É claro que é - e sempre será - muito difícil compartilhar interesses tão opostos como aqueles representados pela necessidade de aplicação da lei penal (enquanto ela existir) e o exercício da liberdade individual. Por isso é muito importante identificar as premissas teóricas da legislação de 1941, para reconhecer sua vigência, ou não, diante de vista normativo, hierarquicamente superior a outra, como ocorre entre a norma constitucional e a legislação ordinária, mas sobretudo, porque com a identificação da realidade histórica em que foram produzidos os respectivos textos se poderá entender melhor as inúmers incompatibilidades existentes entre ambos.

Então, de modo mais explícito, aponta-se no CPP as seguintes e mais relevantes características:

a) o acusado é tratado como potencial e virtual culpado, sobretudo quando existir prisão em flarante, para a qual, antes da década de 1970, smente era cabível liberdade provisória para crimes afiançáveis, ou quando presente presunção de inocência, consubstanciada na possível e antevista existência de causas de justificação (estado de necessidade, legítima defesa, etc) na conduta do agente (art. 310, caput);

b) na balança entre a tutela da segurança pública e a tutela da liberdade individual, prevalece a preocupação quase exclusiva com a primeria, com o estabelecimento de uma fase investigatória agressivamente inquisitorial, cujo resultado foi uma consequente exacerbação dos poderes dos agentes policiais;

c) a busca da verdade, sinalizada como a da verdade real, legitimou diversas práticas autoritárias e abusivas por parte dos poderes públicos. A ampliação ilimitada da liberdade de iniciativa probatória do juiz, justificada como necessária e indispensável à busca da verdade real, descaracterizou o perfil acusatório que se quis conferir à atividade jurisdicional. Essa parece ser a razão pela qual Jacinto Nelson Miranda Coutinho, ilustre processualista, Professor Titular da Faculdade de Direito da Universidade do Paraná, insiste em conceituar o nosso modelo processual como de natureza preferencialmente inquisitorial.

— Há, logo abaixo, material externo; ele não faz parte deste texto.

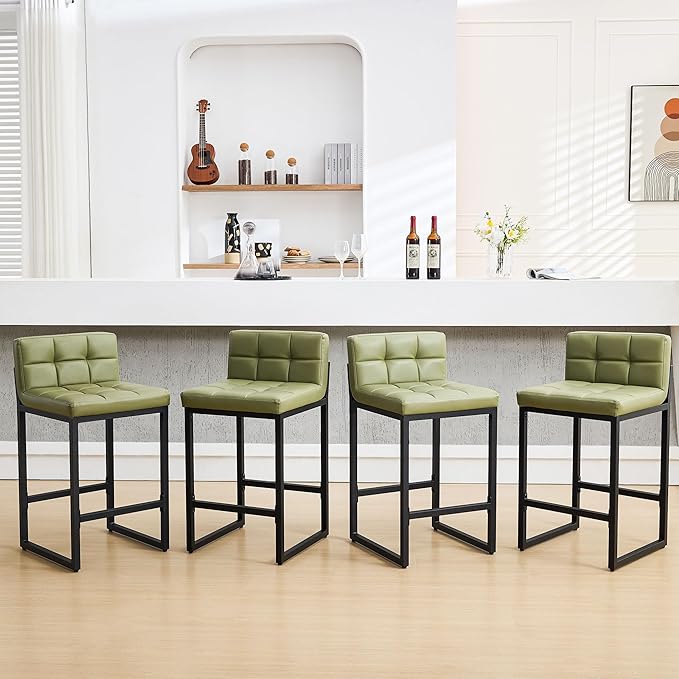 Counter Height Bar Stools Set of 4, Modern Counter Stools with Back and Thickened Metal Legs, Armless Bar Chairs for Kitchen Island (Avocado Green, 4Pcs 26" Bar Stools)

d) o interrogatório do réu era realizado, efetivamente, em ritmo inquisitivo, sem a invervenção das partes, e exclusivamente como meio de prova, e não de defesa, estando o juiz autorizado a valorar, contra o acusado, o seu comportamento no aludido ato, seja em forma de silêncio (antiga redação do art. 186 e o ainda atual art. 198, já revogado implicitamente), seja pelo não comparecimento em juízo. É autorizada, então, a sua condução coercitiva (art. 260 do CPP). Como veremos, a Lei n. 10.792/2003, nesse ponto (o do interrogatório), produziu profundas mudanças na matéria, alterando expressamente o disposto no art. 186 do CPP, e, agora, por incompatibilidade, também a previsão do art. 198 do CPP.

É preciso registrar, porém, que na década de 1970, mais precisamente nos anos 1973 e 1977, houve grandes alterações no CPP, iniciadas, aliás, com a Lei n. 5.349/67, por meio das quais foram flexibilizadas inúmeras regras restritivas do direito à liberdade. Mais recentemente, então, com as Leis 11.689, 11.690 e 11.719, todas de junho de 2008, a legislação processual penal sofreu novos e grandes ajustes, cujas alterações serão apreciadas a seu tempo e no espaço temático adequado.



Eugênio Pacelli de Oliveira, Curso de Processo Penal, 11ª edição, LumenJuris, 2009.